▶ _WHAT IS REQUIRED_: The answer is the first line of the listing and every line after it through the one containing "بيت للعطل 3 Bedroom Cozy In *", exact, with pictures removed.

▶ _SUPPLIED DATA_:
________________

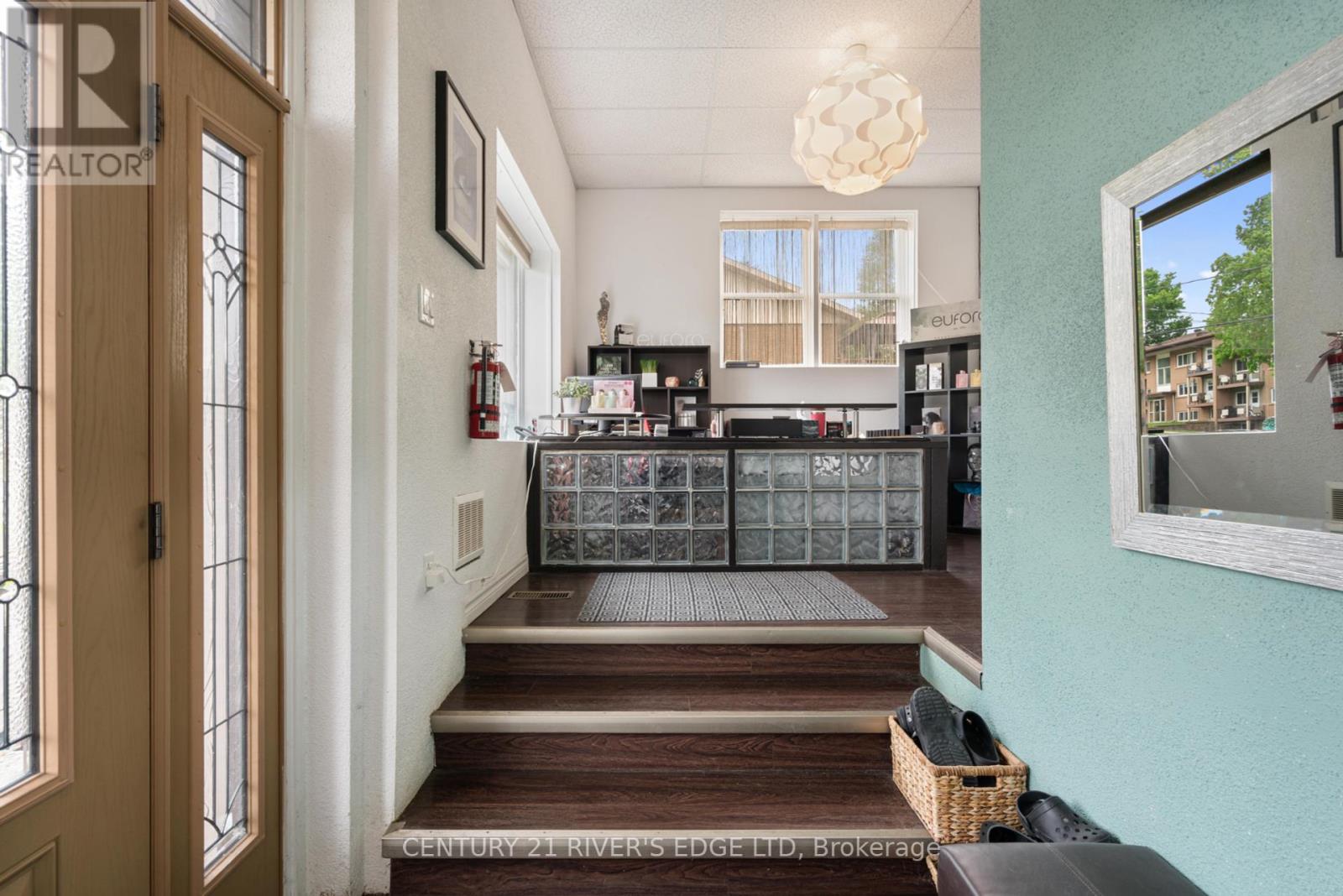 4 Schofield Avenue, Brockville, Ontario  K6V 4M4 - Photo 5 - X12166549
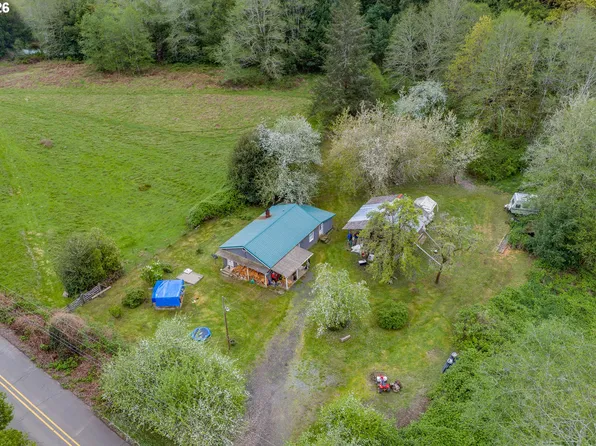 61565 Fairview Rd, Coquille, OR 97423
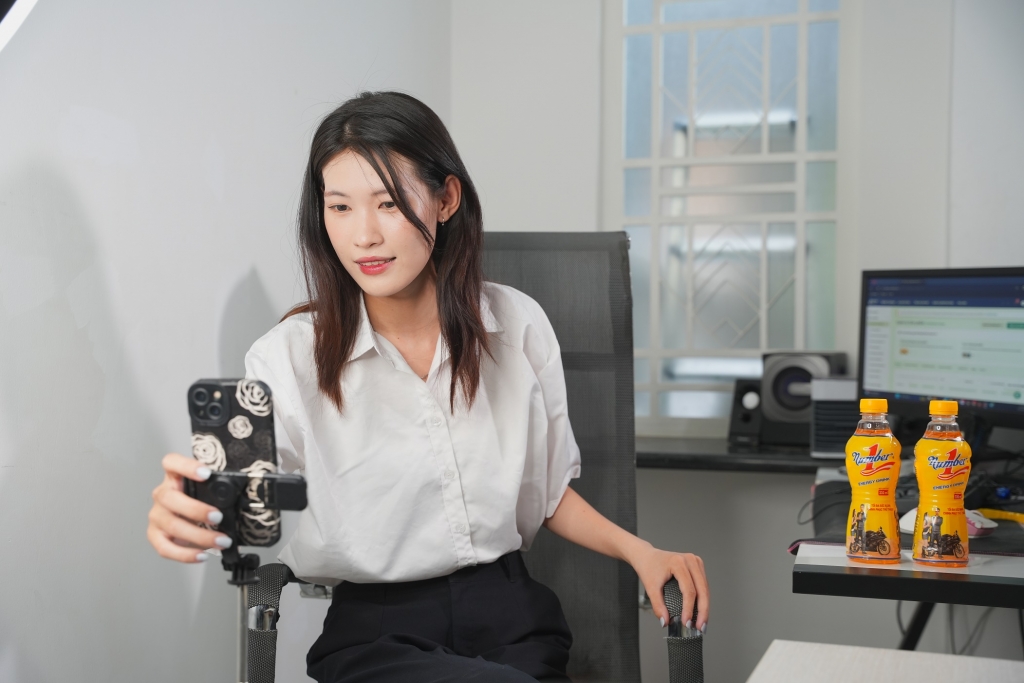 Với các thành phần bổ sung năng lượng, giúp tỉnh táo tức thì, nước tăng lực Number 1 là bạn đồng hành quen thuộc của người trẻ, cùng họ vượt qua thử thách trong công việc, cuộc sống để trở thành phiên bản tốt nhất của chính mình.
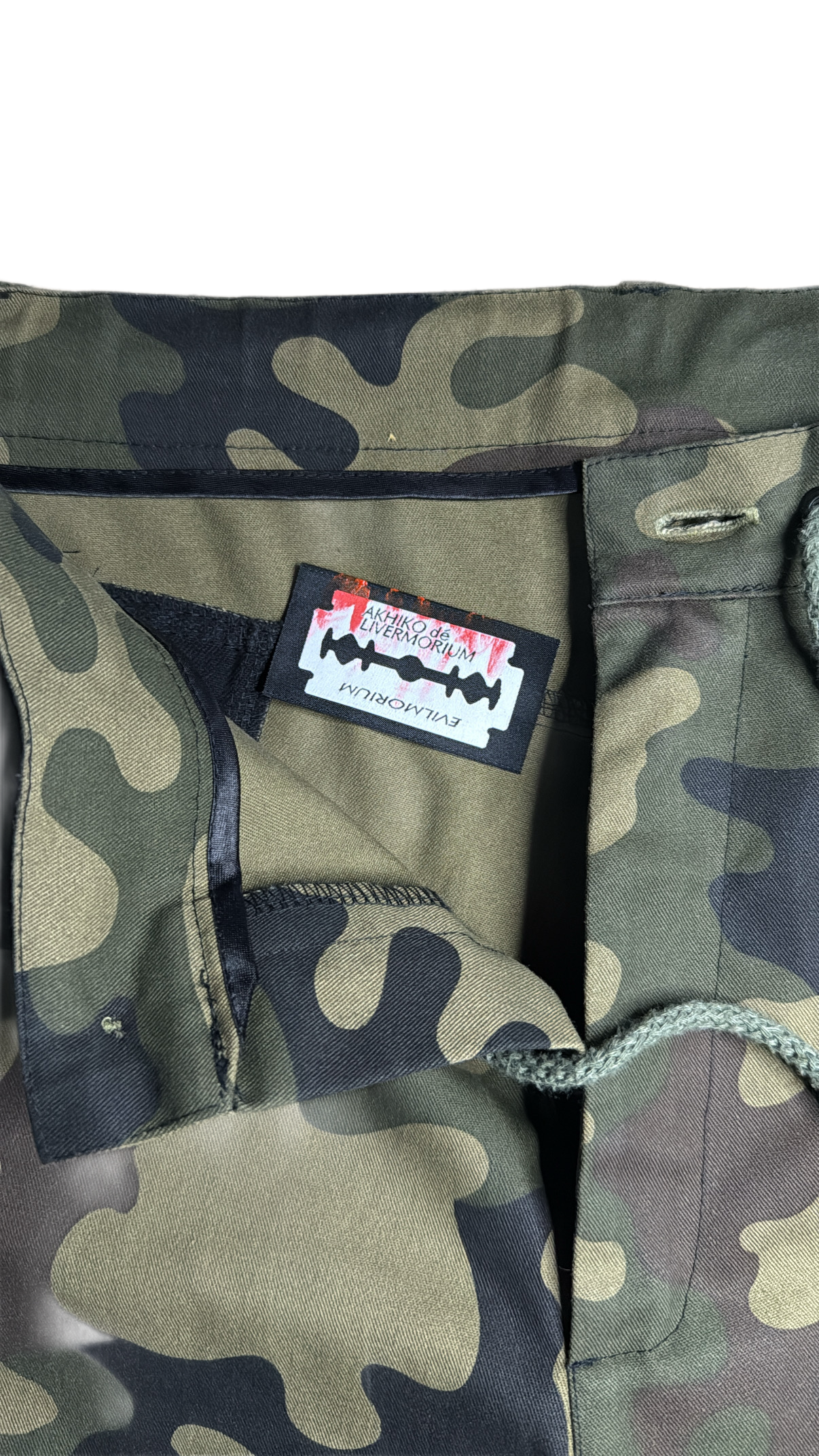 BADFRIEND shorts
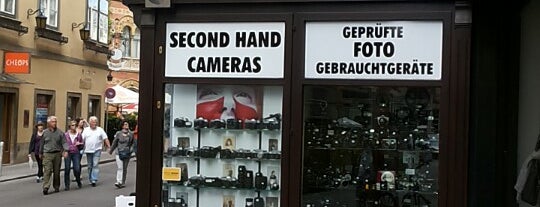 Foto Second Hand Camera is one of VIENNA.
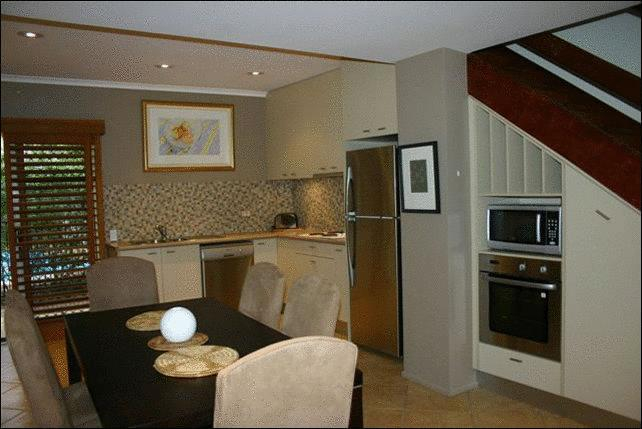 Exterior & Views 2, Noosa Shores Resort, Noosa - Noosa-Noosaville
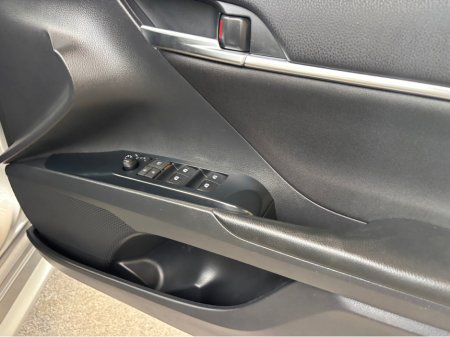 2020 Toyota Camry - photo 2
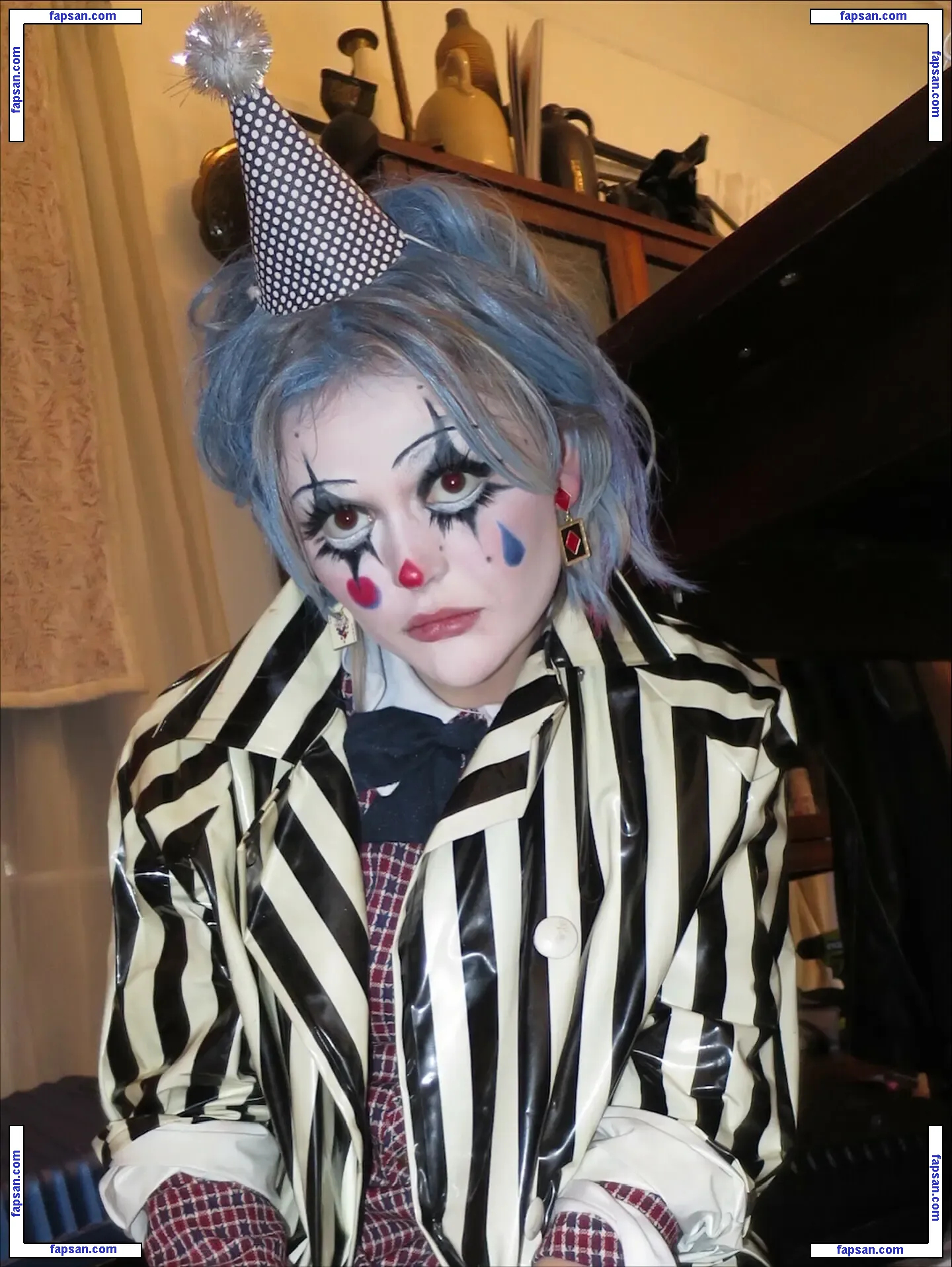 Emily Alyn Lind nude photo #0141 from OnlyFans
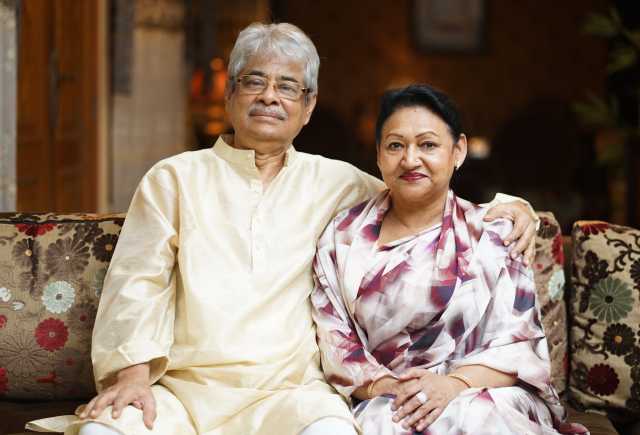 গাজী মাজহারুল আনোয়ারকে নিয়ে স্ত্রী জোহরার বই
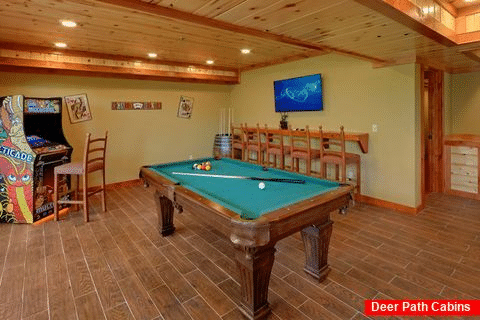 8 Bedroom Cabin with a Billiards Table - Marco Polo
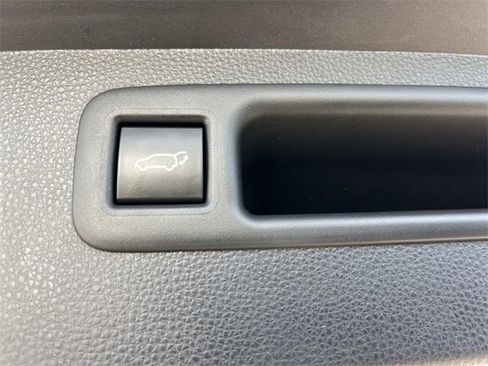 Used 2023 Toyota Highlander LE image 13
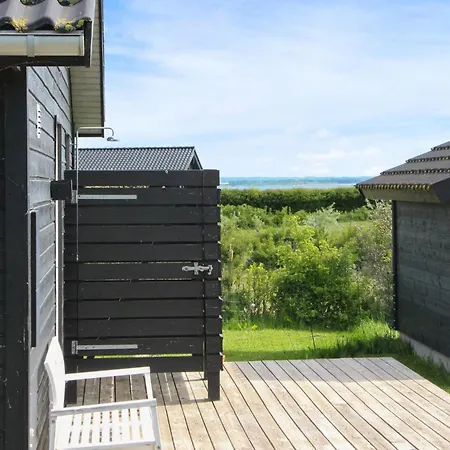 بيت للعطل 3 Bedroom Cozy In *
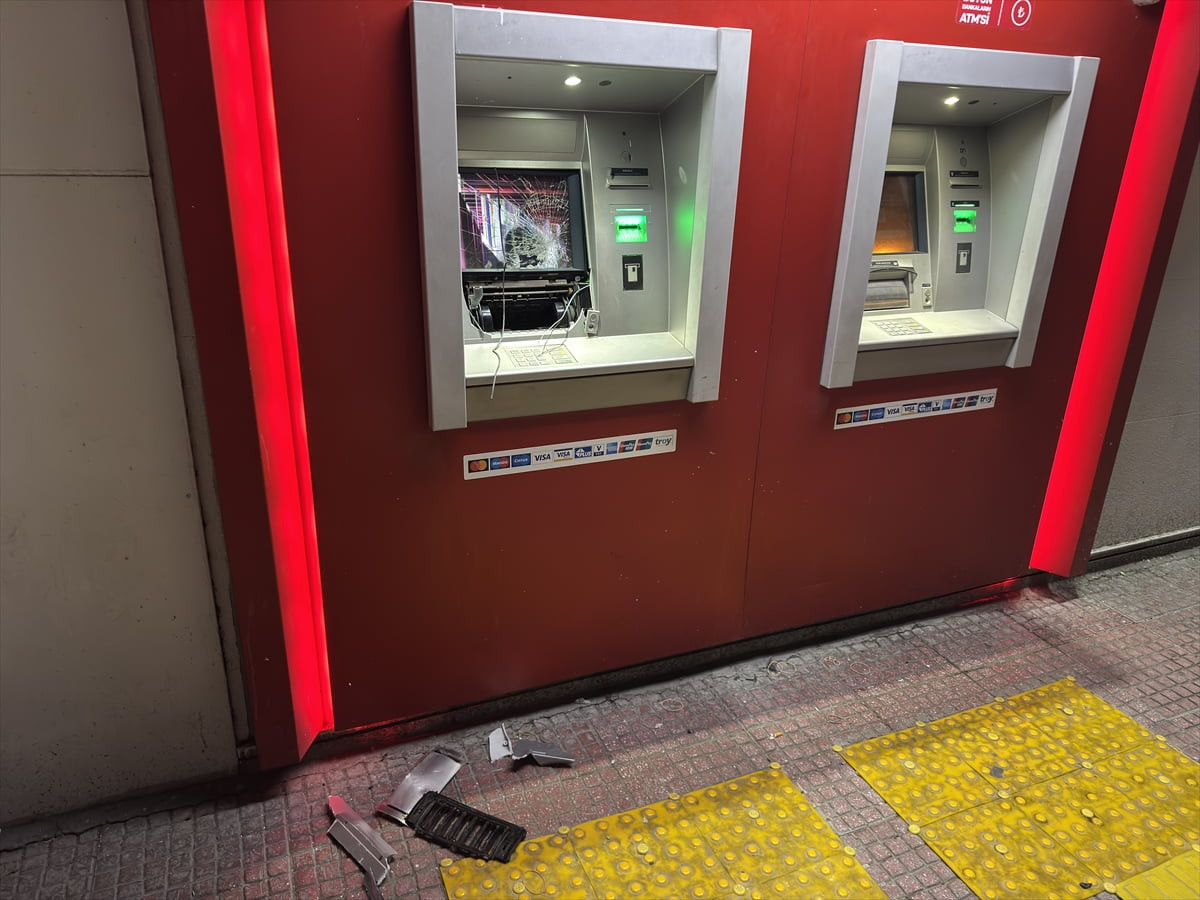 Adana'nın merkez Seyhan ilçesinde ATM'ye zarar veren şüpheli gözaltına alındı.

________________

▶ _EXERCISE RESULT_:
 4 Schofield Avenue, Brockville, Ontario  K6V 4M4 - Photo 5 - X12166549
 61565 Fairview Rd, Coquille, OR 97423
 Với các thành phần bổ sung năng lượng, giúp tỉnh táo tức thì, nước tăng lực Number 1 là bạn đồng hành quen thuộc của người trẻ, cùng họ vượt qua thử thách trong công việc, cuộc sống để trở thành phiên bản tốt nhất của chính mình.
 BADFRIEND shorts
 Foto Second Hand Camera is one of VIENNA.
 Exterior & Views 2, Noosa Shores Resort, Noosa - Noosa-Noosaville
 2020 Toyota Camry - photo 2
 Emily Alyn Lind nude photo #0141 from OnlyFans
 গাজী মাজহারুল আনোয়ারকে নিয়ে স্ত্রী জোহরার বই
 8 Bedroom Cabin with a Billiards Table - Marco Polo
 Used 2023 Toyota Highlander LE image 13
 بيت للعطل 3 Bedroom Cozy In *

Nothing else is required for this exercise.